# What to do
The answer must reproduce the listing exactly, with every picture left out.

*** Opening Information supplied ***

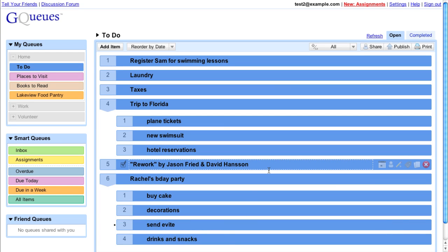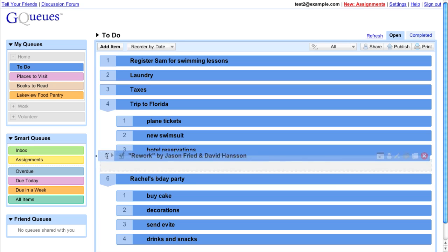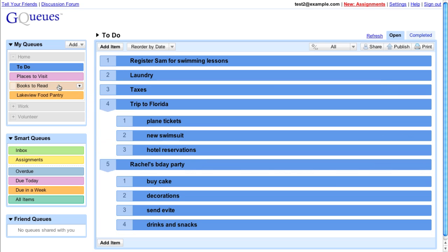You can move tasks from one queue to another by dropping them on a new queue. Let's move this book to Bookstreet.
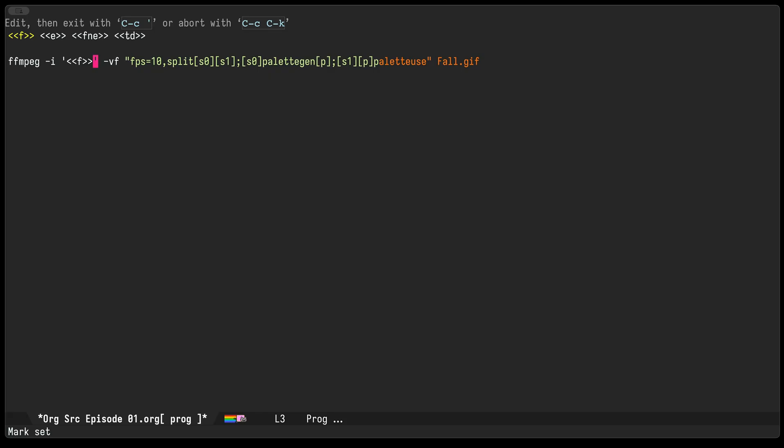And then for the output we're gonna do something similar. We'll use the FNE, which stands for file no extension, and then we'll manually add the extension that we want, which is gif in this case.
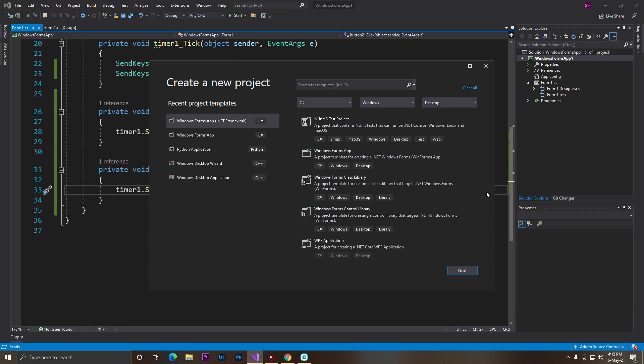So guys, you want to spam with someone and you want spam software, so I can make it. In this video I'll show you. First of all, we need Visual Studio — just download that — and also we need the .NET framework and C#. We'll use C# for making our software.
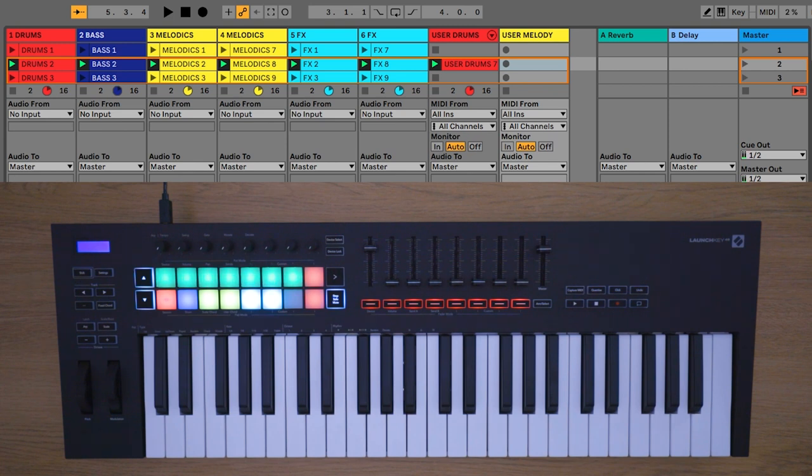This track is in F minor, so let's use the scale function on the Launch Key to keep us in key.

*** Closing Information supplied ***

# Your response
You can move tasks from one queue to another by dropping them on a new queue. Let's move this book to Bookstreet.
And then for the output we're gonna do something similar. We'll use the FNE, which stands for file no extension, and then we'll manually add the extension that we want, which is gif in this case.
So guys, you want to spam with someone and you want spam software, so I can make it. In this video I'll show you. First of all, we need Visual Studio — just download that — and also we need the .NET framework and C#. We'll use C# for making our software.
This track is in F minor, so let's use the scale function on the Launch Key to keep us in key.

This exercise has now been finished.